Cat Girl's adventures were also translated and printed in mainland Europe. In the long-running Dutch comic Tina, the strip was renamed "Katja Kruif – Het Katmeisje" and ran until #26; these pages were colourised. In Spain the strips were compiled as Caty – La Chica Gato by Editorial Bruguera. Cat Girl made a brief cameo in the 2000 AD serial "Zenith" in 1989, but was swiftly killed off alongside Buster characters The Leopard from Lime Street and Fishboy by the Lloigor-possessed Mr Why.
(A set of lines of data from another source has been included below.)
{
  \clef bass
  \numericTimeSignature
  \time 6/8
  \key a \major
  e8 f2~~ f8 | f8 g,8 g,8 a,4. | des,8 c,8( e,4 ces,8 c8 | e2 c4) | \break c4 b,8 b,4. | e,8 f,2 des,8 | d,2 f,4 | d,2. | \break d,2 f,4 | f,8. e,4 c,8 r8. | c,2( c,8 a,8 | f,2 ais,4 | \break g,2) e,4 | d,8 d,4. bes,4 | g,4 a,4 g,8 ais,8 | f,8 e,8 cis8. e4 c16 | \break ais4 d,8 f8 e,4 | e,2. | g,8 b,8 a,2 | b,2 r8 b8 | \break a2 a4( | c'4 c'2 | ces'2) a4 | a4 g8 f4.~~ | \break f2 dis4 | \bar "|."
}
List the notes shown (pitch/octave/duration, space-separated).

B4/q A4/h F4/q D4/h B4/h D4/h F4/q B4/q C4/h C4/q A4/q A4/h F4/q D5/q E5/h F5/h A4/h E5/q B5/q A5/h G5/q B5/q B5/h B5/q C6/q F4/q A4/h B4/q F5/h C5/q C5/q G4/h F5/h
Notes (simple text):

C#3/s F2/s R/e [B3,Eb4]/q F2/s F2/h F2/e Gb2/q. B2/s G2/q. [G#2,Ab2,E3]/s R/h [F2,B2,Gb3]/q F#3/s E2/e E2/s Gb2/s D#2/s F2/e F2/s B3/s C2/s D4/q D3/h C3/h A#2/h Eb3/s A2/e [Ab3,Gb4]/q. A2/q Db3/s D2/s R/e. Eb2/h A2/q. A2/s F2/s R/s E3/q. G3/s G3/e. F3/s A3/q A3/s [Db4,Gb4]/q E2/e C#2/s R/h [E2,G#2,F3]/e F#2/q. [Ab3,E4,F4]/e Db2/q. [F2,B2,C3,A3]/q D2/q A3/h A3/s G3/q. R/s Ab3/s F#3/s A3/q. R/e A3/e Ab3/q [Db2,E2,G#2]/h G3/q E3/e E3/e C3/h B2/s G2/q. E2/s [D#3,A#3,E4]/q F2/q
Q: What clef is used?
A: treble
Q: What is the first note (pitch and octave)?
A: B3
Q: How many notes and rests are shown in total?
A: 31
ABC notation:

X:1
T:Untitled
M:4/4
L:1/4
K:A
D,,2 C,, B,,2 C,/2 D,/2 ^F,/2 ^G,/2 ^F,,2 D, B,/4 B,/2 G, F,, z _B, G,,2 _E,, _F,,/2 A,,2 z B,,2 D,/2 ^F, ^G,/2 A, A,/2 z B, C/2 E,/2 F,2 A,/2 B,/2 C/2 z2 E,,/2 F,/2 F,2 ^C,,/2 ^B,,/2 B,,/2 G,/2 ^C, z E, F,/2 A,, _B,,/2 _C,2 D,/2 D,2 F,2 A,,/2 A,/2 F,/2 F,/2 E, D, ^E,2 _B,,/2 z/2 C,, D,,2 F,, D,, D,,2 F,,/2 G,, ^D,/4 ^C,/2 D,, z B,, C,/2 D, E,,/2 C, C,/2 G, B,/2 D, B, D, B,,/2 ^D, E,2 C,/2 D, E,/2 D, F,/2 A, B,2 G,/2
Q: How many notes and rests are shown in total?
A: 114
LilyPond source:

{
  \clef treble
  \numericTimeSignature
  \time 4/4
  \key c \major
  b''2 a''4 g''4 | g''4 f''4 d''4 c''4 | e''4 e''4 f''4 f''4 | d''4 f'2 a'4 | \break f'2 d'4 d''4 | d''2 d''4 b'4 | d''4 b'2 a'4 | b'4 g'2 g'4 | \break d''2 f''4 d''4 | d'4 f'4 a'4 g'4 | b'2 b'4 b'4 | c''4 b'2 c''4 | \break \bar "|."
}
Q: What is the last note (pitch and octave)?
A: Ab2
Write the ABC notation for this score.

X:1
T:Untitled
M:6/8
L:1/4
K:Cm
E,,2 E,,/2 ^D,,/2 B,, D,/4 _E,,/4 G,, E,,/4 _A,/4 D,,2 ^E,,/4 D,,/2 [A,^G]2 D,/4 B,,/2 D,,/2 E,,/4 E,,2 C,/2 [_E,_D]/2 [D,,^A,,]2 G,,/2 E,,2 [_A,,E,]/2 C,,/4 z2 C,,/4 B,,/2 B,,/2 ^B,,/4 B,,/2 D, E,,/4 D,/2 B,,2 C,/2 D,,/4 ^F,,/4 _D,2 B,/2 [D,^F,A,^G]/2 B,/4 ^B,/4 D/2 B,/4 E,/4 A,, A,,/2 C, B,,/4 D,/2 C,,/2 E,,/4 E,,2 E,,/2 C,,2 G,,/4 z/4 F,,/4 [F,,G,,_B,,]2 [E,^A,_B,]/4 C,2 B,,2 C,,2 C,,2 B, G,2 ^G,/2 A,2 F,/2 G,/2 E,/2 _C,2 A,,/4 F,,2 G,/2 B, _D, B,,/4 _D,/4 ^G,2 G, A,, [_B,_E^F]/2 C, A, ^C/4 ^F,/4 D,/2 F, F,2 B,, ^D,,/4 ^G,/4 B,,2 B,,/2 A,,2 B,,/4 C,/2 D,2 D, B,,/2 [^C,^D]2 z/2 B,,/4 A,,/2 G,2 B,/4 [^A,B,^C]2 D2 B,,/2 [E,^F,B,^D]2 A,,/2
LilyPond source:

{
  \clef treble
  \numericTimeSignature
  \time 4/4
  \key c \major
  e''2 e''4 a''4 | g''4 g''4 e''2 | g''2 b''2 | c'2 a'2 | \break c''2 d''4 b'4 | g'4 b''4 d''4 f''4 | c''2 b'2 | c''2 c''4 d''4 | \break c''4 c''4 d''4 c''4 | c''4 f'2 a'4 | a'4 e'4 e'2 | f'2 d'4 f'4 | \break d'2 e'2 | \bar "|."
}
As the character's adventures started before 1 January 1970, the Cat Girl was among the properties retained by IPC their library of titles still in publication was sold off to Pergamon Holdings in the early 1990s. In 2018 this library was purchased by Rebellion Developments. This allowed the character to make a brief cameo in Rebellion's The Vigilant series, where Cat Girl was shown as a member of an earlier deceased version of the eponymous team. A new strip was created for Rebellion's 2020 Tammy and Jinty Special; written by Ramzee with art by Elkys Nova, "Cat Girl Returns" depicted Cathy's daughter Claire discovering the costume and taking up the mantle. In August 2020, Rebellion issued the compendium The Best of Cat Girl as part of the Treasury of British Comics, collecting two of the serials from Sally, a story from the 1971 Sally Annual and the 2020 revival strip, with a new cover by Nova. A hardcover version using Giorgetti's art for the cover was also released, exclusive to the Treasury of British Comics website.

==Plot summary==

The daughter of a widowed and absent-minded private eye, Cathy Carter is observing him at work from their attic when she discovers a cat costume in a casket sent to her father from Africa by a grateful witch doctor. On a whim, she tries it on and suddenly finds she can leap incredible distances with perfect balance. As such, she is able to save her father from a vicious beating from the thugs of crime kingpin, the Eagle while avoiding discovery. She subsequently aids her unwitting father against his enemies, finding she is also able to see in the dark and navigate at night with ease - while also finding the magic suit's abilities were not all positive, as it caused her to panic in water and develop a ravenous appetite for fish. Cathy helps her father foil the Eagle's attempts to steal priceless jewellery from Lady Harrison and rob a train, escape from kidnapping by Kabari sheikh Kaspar, foil evil scientist Professor Von Kapp and his robot Hermann and Christmas gift thief the Duke (actually a bitter young boy called Joe) in the Swiss ski resort of St. Dorrinz, and helping actress Tootie Duval find her missing son Mark in Venice, discovering hidden gems in the Grand Theatre during a production of Dick Whittington and His Cat while foiling an attempt by bratty actress Angela Cook to steal her suit - on each occasion hiding the extent of her help from her oblivious dad so he can take the credit.

==Collected edition==

| Title | ISBN | Publisher | Release date | Contents |
|---|---|---|---|---|
| The Best of Cat Girl | 9780785110798 | Rebellion Developments | 4 August 2022 | Material from Sally June 14 to September 13, 1969; January 24 to May 30, 1970; Sally Annual 1971 and Tammy & Jinty 2020 Special. |

==Reception==
British comics expert and professional John Freeman is a fan of the character and called for "The Cat Girl" to be collected in 2020, noting that the strip prefigured "The Leopard from Lime Street" - something also noted by Lew Stringer. The character has also been compared to the Golden Age character Miss Fury and DC Thomson girls' comics "The Laughing Cats" and "Catch the Cat!", which also featured young heroines in cat costumes. Reviewing a post-merger issue of Tammy and Sally, A Resource on Jinty considered the strip "light relief against the grimness of the Tammy stories that focus on cruelty and misery".

Reviewing The Best of Cat Girl for ComicScene, Martin Dallard fondly recalled reading "The Cat Girl" in his sister's comics, and praised Giorgetti's "quirky" art. Girls Comics of Yesterday also praised the collection.